Labuta em Alto-mar
Trabalhar em cruzeiros requer temperamento flexível, disponibilidade e experiência
Publicado originalmente no Estadão

25 Dez 2007

Iludidos, muitos acreditam que trabalhar num navio é sinônimo de bom salário e diversão

Quem imagina que trabalhar em cruzeiros marítimos significa apenas "conhecer o mundo inteiro sem gastar nenhum tostão" certamente vai "entrar pelo cano", como avisou Herbert Viana no famoso Melô do Marinheiro, do Paralamas do Sucesso. Marcelo Toledo, diretor da MBrazil, empresa agenciadora de profissionais brasileiros para intercâmbio no Exterior, enfatiza: "é importante desmistificar a idéia de que este trabalho é sinônimo de férias num navio, conhecendo o mundo de graça."

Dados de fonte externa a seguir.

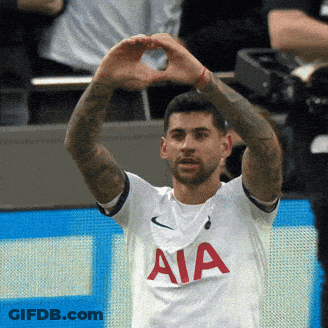 A Man In A White Aia Shirt Makes A Heart Shape With His Hands GIF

Segundo ele, existem muitos poréns, que afastam essa imagem idealizada: o funcionário vai dividir a cabine (geralmente, minúscula) com uma pessoa desconhecida - exceto os gerentes, que têm cabines privativas; é totalmente proibido qualquer envolvimento emocional com passageiros (caso de demissão sumária); é feito exame anti-drogas para os que pleiteiam algum cargo em navios; a jornada de trabalho varia de 10 a 14 horas diárias sem fins de semana nem feriados; não são admitidas tatuagens ou piercings visíveis e as regras de conduta são rígidas como num quartel.

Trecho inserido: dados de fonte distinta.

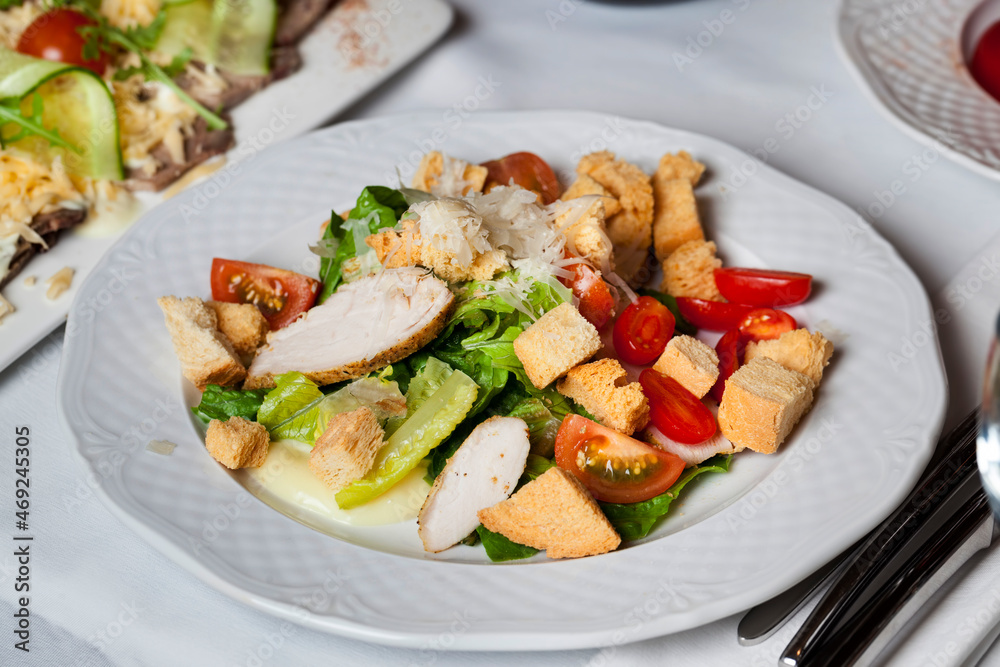salad of baked chicken meat, individual salad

Por tudo isso, Marcelo Toledo avisa que este trabalho não deve ser encarado como um bico eventual, mas sim como uma carreira. Destaca que o esforço do tripulante é bem recompensado pela oportunidade de conhecer os lugares onde o navio atraca, por salários atrativos (variando de US$ 534,00, para um faxineiro, a US$ 4 mil, mais bônus, para gerentes, dependendo da companhia) e folgas proporcionais (cada seis meses no navio dá direito a seis semanas de férias. Para gerentes e supervisores, cada quatro meses permite oito semanas em terra).

Toledo lembra que o mercado é farto, porque, segundo as leis vigentes no Brasil, se um navio permanecer 90 dias em nossas águas, deve ter 30% de sua mão-de-obra brasileira. O diretor do site Viagens de Navio, Marcos Cardoso - que possui 20 anos de experiência no setor e, atualmente, é o agente oficial da Royal Caribbean no Brasil, responsável por sua publicidade e contratação de mão-de-obra para seus navios -, acrescenta que, além das qualificações de praxe (inglês fluente e experiência em terra no cargo que vai ocupar no navio), o tripulante deve servir o passageiro como se ele fosse um rei. "Se o candidato está preparado para dar bom dia com o coração e sorrir com os olhos para os passageiros, então está no caminho certo."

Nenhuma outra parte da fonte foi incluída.